Do these people even know what a constitutional crisis is? In simple terms, a constitutional crisis is [almost always] a political crisis for which there are no constitutional, legal or political solutions. What the Supreme Court did on the 1st September was not to set Kenya down the path to a constitutional crisis; what the Supreme Court did was to remind Kenyan politicians that all their political institutions and their political ambitions are subject to the Constitution and the rule of law. It was also not a civilian coup as some have hysterically claimed.
A coup, civilian or otherwise, is the unlawful overturning of a government. It is plain to see that our government has not been overturned. Its senior-most officials are still in office, exercising powers and performing duties assigned to them by the Constitution and the laws of Kenya. They have not been arrested, detained or assassinated. No stranger is exercising their powers or performing their duties. In the words of the president, they are in "full command".
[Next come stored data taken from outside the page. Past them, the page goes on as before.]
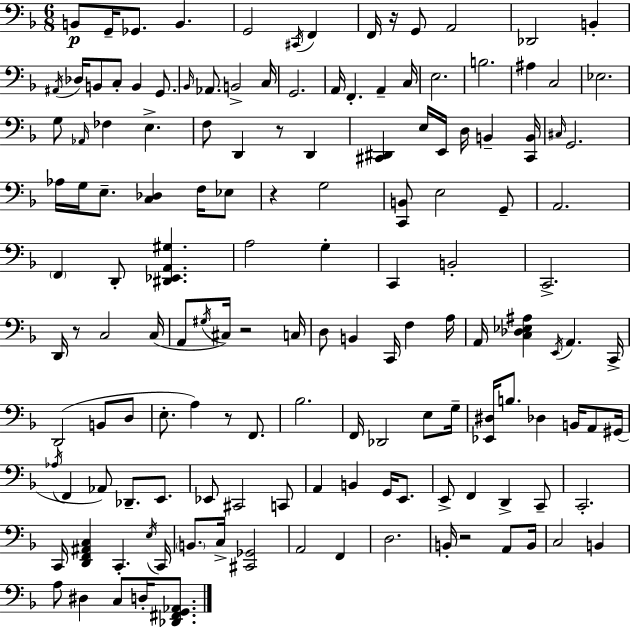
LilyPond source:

{
  \clef bass
  \numericTimeSignature
  \time 6/8
  \key d \minor
  b,8\p g,16-- ges,8. b,4. | g,2 \acciaccatura { cis,16 } f,4 | f,16 r16 g,8 a,2 | des,2 b,4-. | \break \acciaccatura { ais,16 } des16 b,8 c8-. b,4 g,8. | \grace { bes,16 } aes,8. b,2-> | c16 g,2. | a,16 f,4.-. a,4-- | \break c16 e2. | b2. | ais4 c2 | ees2. | \break g8 \grace { aes,16 } fes4 e4.-> | f8 d,4 r8 | d,4 <cis, dis,>4 e16 e,16 d16 b,4-- | <cis, b,>16 \grace { cis16 } g,2. | \break aes16 g16 e8.-- <c des>4 | f16 ees8 r4 g2 | <c, b,>8 e2 | g,8-- a,2. | \break \parenthesize f,4 d,8-. <dis, ees, a, gis>4. | a2 | g4-. c,4 b,2-. | c,2.-> | \break d,16 r8 c2 | c16( a,8 \acciaccatura { gis16 } cis16) r2 | c16 d8 b,4 | c,16 f4 a16 a,16 <c des ees ais>4 \acciaccatura { e,16 } | \break a,4. c,16-> d,2( | b,8 d8 e8.-. a4) | r8 f,8. bes2. | f,16 des,2 | \break e8 g16-- <ees, dis>16 b8. des4 | b,16 a,8 gis,16( \acciaccatura { aes16 } f,4 | aes,8) des,8.-- e,8. ees,8 cis,2 | c,8 a,4 | \break b,4 g,16 e,8. e,8-> f,4 | d,4-> c,8-- c,2.-. | c,16 <d, f, ais, c>4 | c,4.-. \acciaccatura { e16 } c,16 \parenthesize b,8. | \break c16-> <cis, ges,>2 a,2 | f,4 d2. | b,16-. r2 | a,8 b,16 c2 | \break b,4 a8 dis4 | c8 d16-. <des, fis, g, aes,>8. \bar "|."
}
We have an elaborate constitution that delves into minutiae that are best dealt with by Acts of Parliament. We have an elaborate constitution because in the recent past, the constitution, Acts of Parliament, judicial and executive institutions and agencies were cudgels used for the marginalisation of the voices of freedom. It is why the manner in which a president is elected is elaborately described in the Constitution. It is why we must surely know that abiding by the provisions of the Constitution and the laws made in fidelity to the Constitution are the surest way to avoid constitutional crises.
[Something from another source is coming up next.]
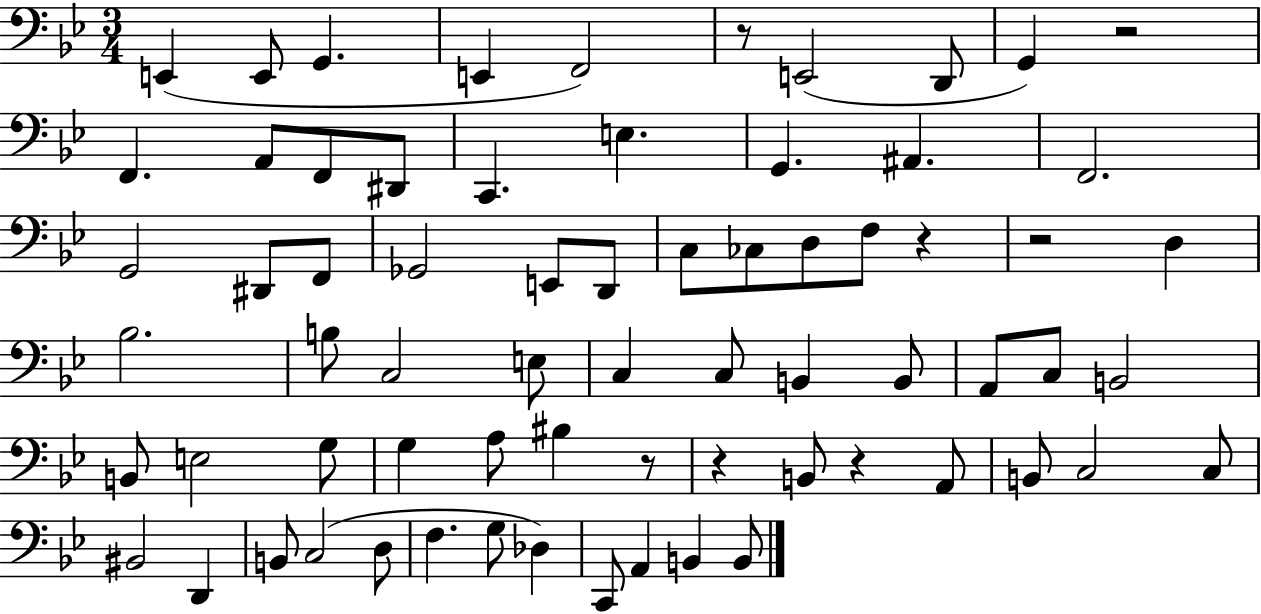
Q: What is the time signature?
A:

The claims of a constitutional crisis are not the only attempts to delegitimise the judgment of the Supreme Court. The very same people who allowed billions of shillings to be spent on the election are now claiming that the Supreme Court is responsible for the "waste". What balderdash! After the much-reviled judgment of the Supreme Court in 2013, after the disgraceful performance of the election commissioners during the hearing of the 2013 petition, it was clear for all to see that we needed a new commission. It took the concerted and charismatic campaign by the doyen of the opposition to remove them from office and to appoint new ones. But his efforts came too late in the electoral calendar and we ended in the Supreme Court once more because of the mess the new commissioners made of the presidential election.
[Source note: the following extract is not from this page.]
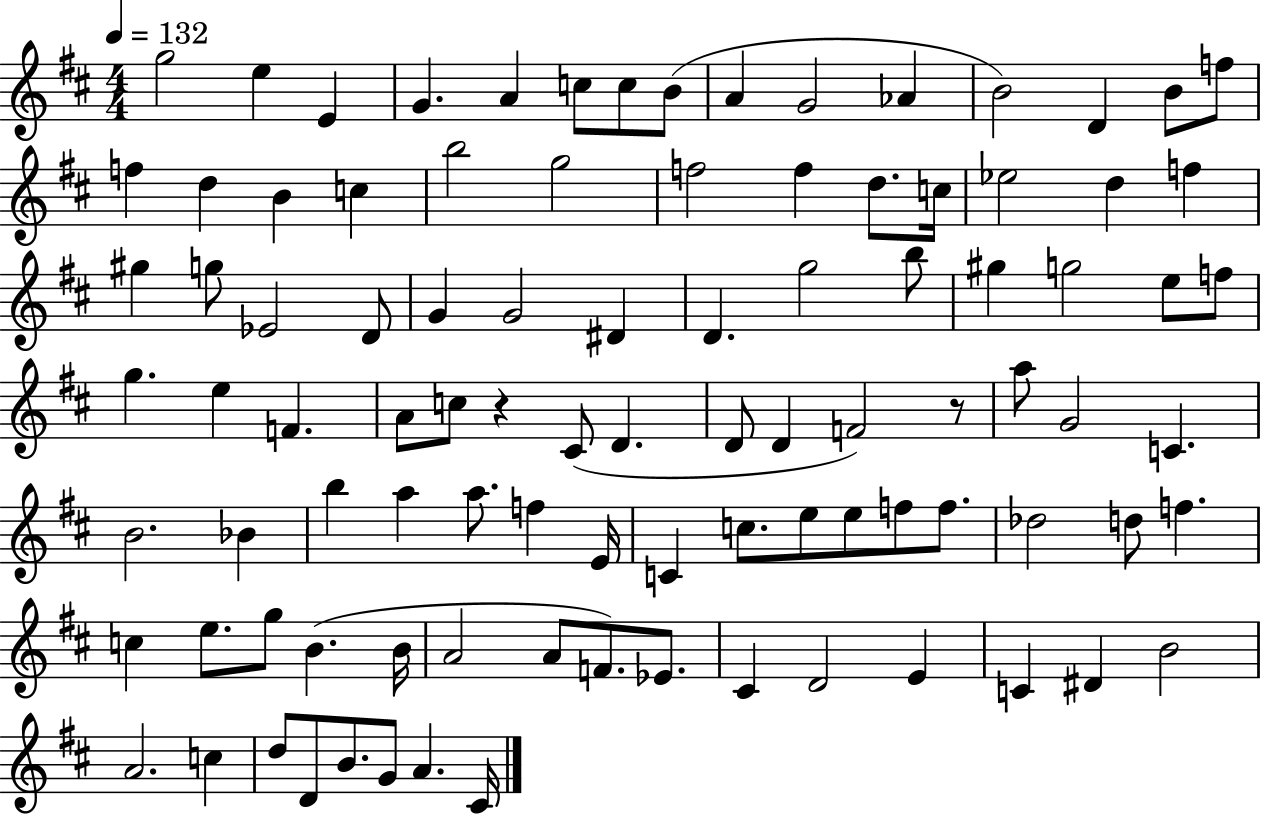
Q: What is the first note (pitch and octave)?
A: G5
The Supreme Court did not make the former commissioners behave like party commissars. The Supreme Court was not responsible for their removal from office. The Supreme Court did not make the law that demanded expensive voting systems that required considerable lead times to install. The Supreme Court was not responsible for the appointment of a new commission or its shambolic preparations. The Supreme Court was only responsible for reading and interpreting the electoral law, assessing the evidence laid before it, and rendering a judgment for or against the petitioner. Till the moment the petitioner approached the Supreme Court for relief, the Supreme Court had absolutely nothing to do with how fifty billion shillings were appropriated or spent. That is a burden only the National Treasury, Parliament and the electoral commission can bear.
We will vote again in 56 days. We will cast ballots for the presidential candidate of our choice. If the commission does its duty in accordance with the Constitution and the law, the result of the election will be beyond reproach. If it repeats the mistakes that culminated on the 8th August, the Supreme Court will find itself with the unenviable task of hearing a presidential election petition twice in one year. No, that is not a constitutional crisis or a waste of taxpayer monies. That is the constitutional arrangement we promulgated on the 27th August 2010.